Discussions énergétiques cette semaine au Parlement

Le parlement accordera une large part aux questions énergétiques cette semaine, avec l‘adoption de deux rapports.

Lors de la séance plénière, les députés devraient adopter deux rapports :

le premier soutient qu’en 2020, 20% de l’énergie consommée en Europe devra provenir d’énergies renouvelables.

Le second rapport appelle à la mise en place d’une politique étrangère commune de l’énergie.

Alors qu’en mars 2007, les chefs d’Etat et de gouvernement avaient fixé un objectif contraignant de 20% d’énergies renouvelables d’ici à 2020, le projet de rapport qui sera débattu lundi demande à la Commission européenne de proposer un cadre législatif pour le respecter.

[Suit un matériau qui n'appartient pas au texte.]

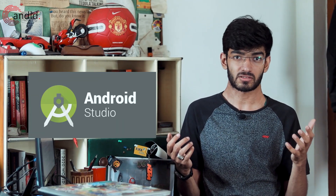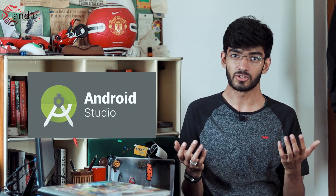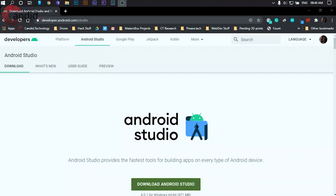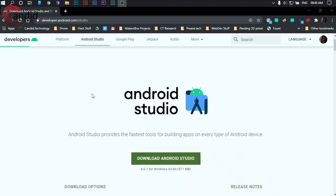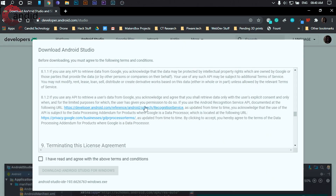Next up, we're going to need an IDE to write our code in. We suggest going for Android Studio because it's the official IDE you use to write Android apps. Installation is also very simple — all you need to do is head over to the Android Studio website, hit the download button, and the installer already comes with all the instructions you need to install it.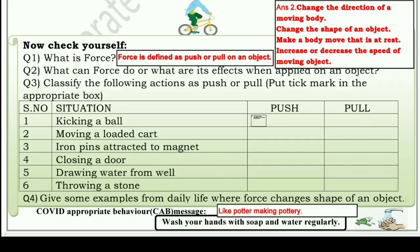Now we'll move on to our easy question and answers. First question: What is force? Simply, force is defined as push or pull on an object. किसी object को push करना या pull करना — हम उसको force के रूप में परिभाषित करते हैं। Question number two: What can force do, or what are its effects when applied on an object?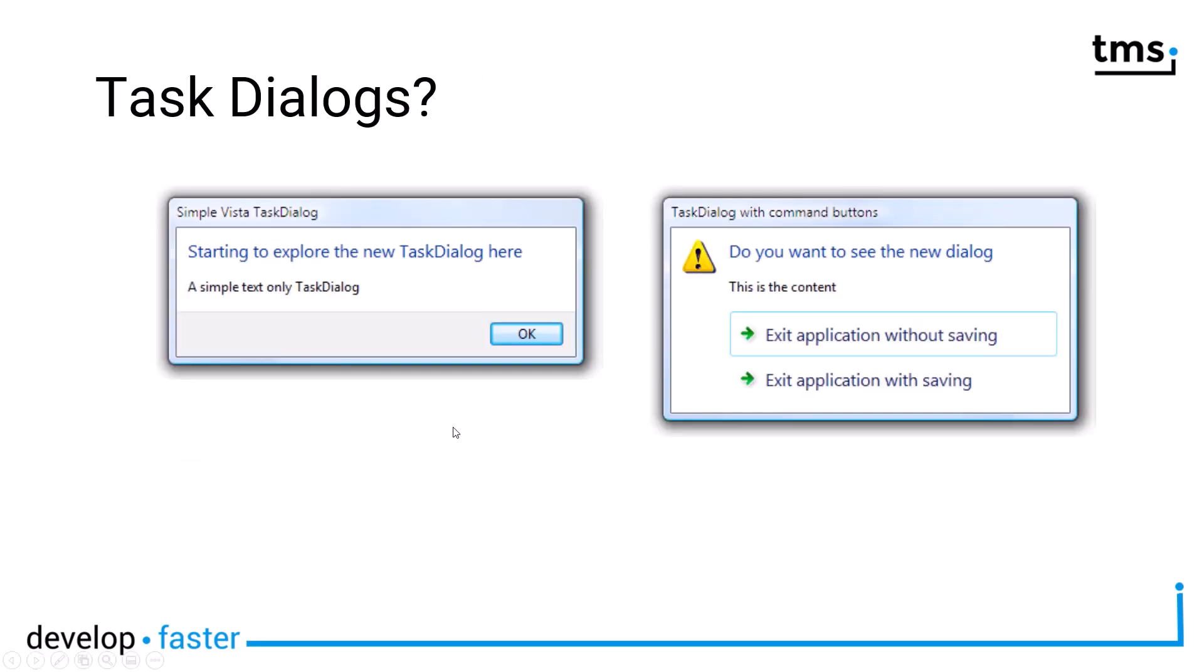So these are the new modern task dialogues that you come into touch with every day if you work with a modern Windows system. First of all, this would be a replacement for a show message or a message dialogue. Of course, you have two lines with different layout. You can have a caption, then you have a header and the actual content of the dialogue. But there's just the OK button as you use from show message.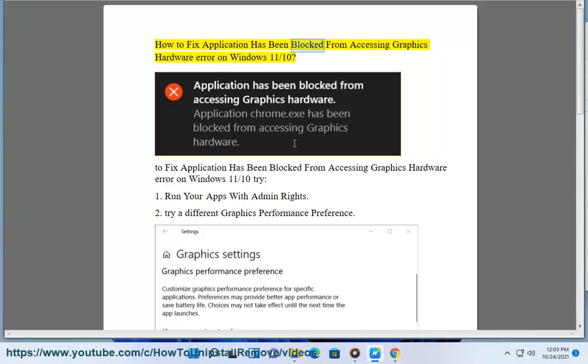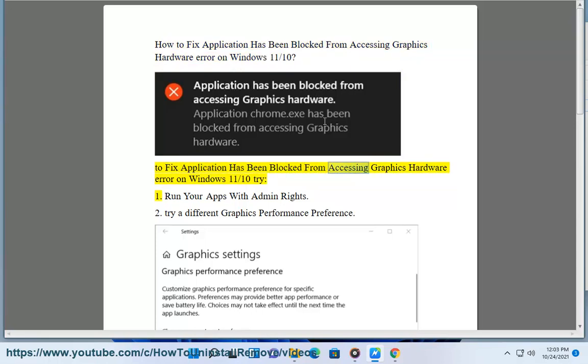How to fix Application Has Been Blocked From Accessing Graphics Hardware error on Windows 11. Ten fixes to try. Solution 1: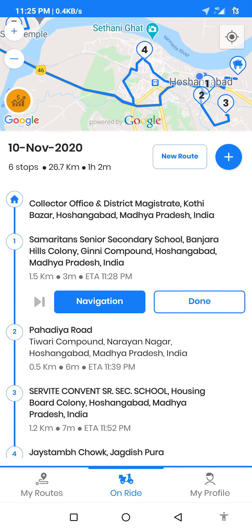Hello friends, in this video I will show you how you can use ZIO route planner to navigate in a region with low network or no network.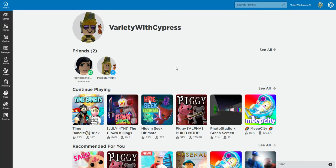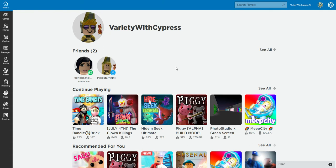Hello y'all, it's me Cypress of Variety with Cypress and I'm going to be in a game, some games. So if you want to go into Roblox Variety with Cypress, I'll put on my account so everyone can join the game.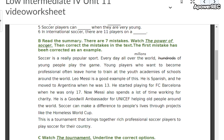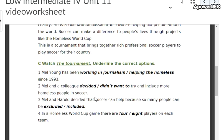Watch that part of the video and correct the seven mistakes. Actually, you are going to correct six mistakes, because the first one is already corrected: 'Every day, all over the world, millions of young people play the game.' So that first mistake is done — you correct six more mistakes.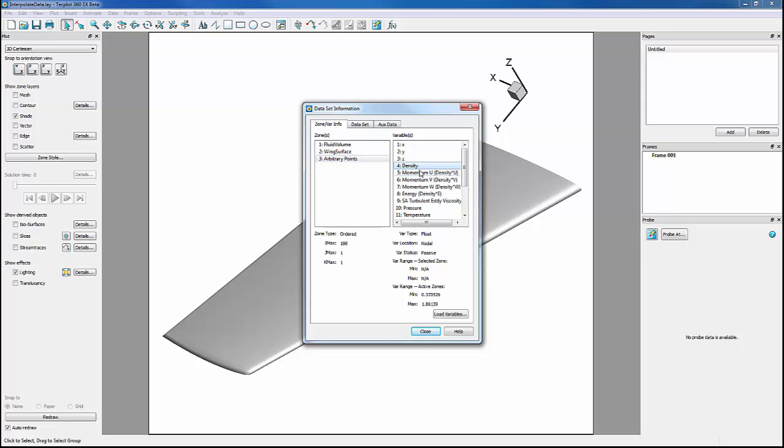We see that for each variable for the arbitrary points zone do not have max and min values, except for X, Y, and Z. This is due to this zone containing passive variables which contain no data.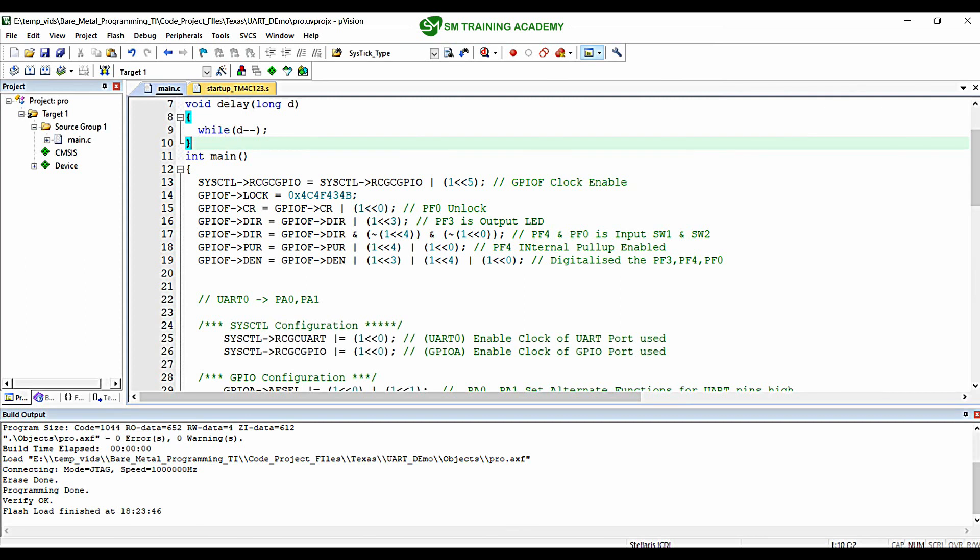Hello everyone. In this video we are going to test the UART serial communication reception of data in the microcontroller TM4C123GH6PM using the Tiva C series launchpad development board. Let's get started.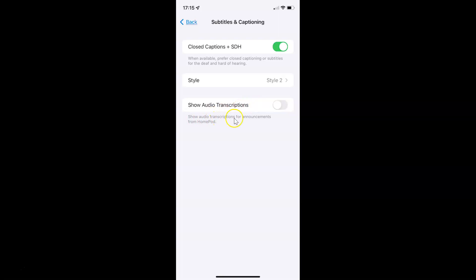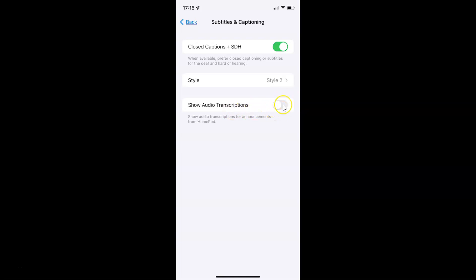Show audio transcriptions for announcements from HomePod. Currently I have this disabled — you can see the toggle button is disabled next to it. To enable show audio transcriptions you have to enable this toggle button by tapping on it so that the slider moves to the right. You can see it's now enabled.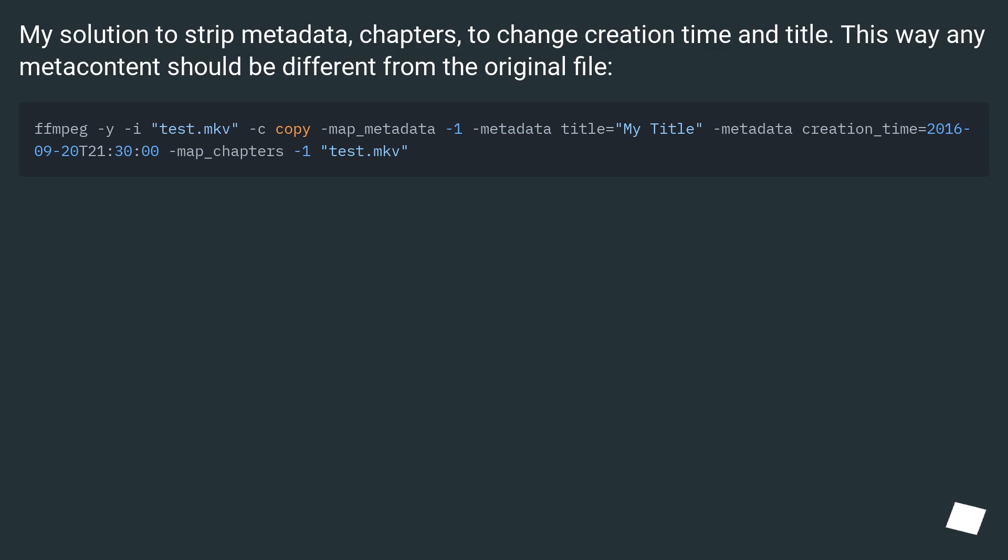My solution to strip metadata chapters to change creation time in title. This way any meta content should be different from the original file.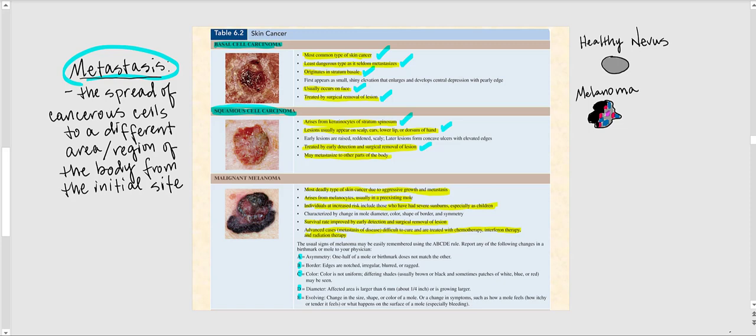The last and most deadly type of skin cancer is malignant melanoma. It is very deadly because of how aggressively it grows and metastasizes. Malignant melanoma is when the melanocytes become cancerous — essentially cancer of the melanocyte — and it usually occurs with a pre-existing nevus or mole. Individuals are at increased risk if they have had severe sunburn, especially as children. Survival rate is improved by early detection and surgical removal; advanced metastasized cases require aggressive therapy such as chemotherapy, interferon therapy, and radiation therapy. The usual signs of melanoma follow the ABCDE rule.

Il soutient par ailleurs une approche modulable en fonction des secteurs, fixant des objectifs spécifiques pour l’électricité, le transport, le chauffage et la climatisation.
 
« Cela va créer de nouveaux emplois », juge Britta Thomsen, l’auteure du rapport, « mais aussi encourager la recherche et l’innovation et en retour, nous diminuerons nos émissions de CO2 et sécuriserons nos approvisionnements ».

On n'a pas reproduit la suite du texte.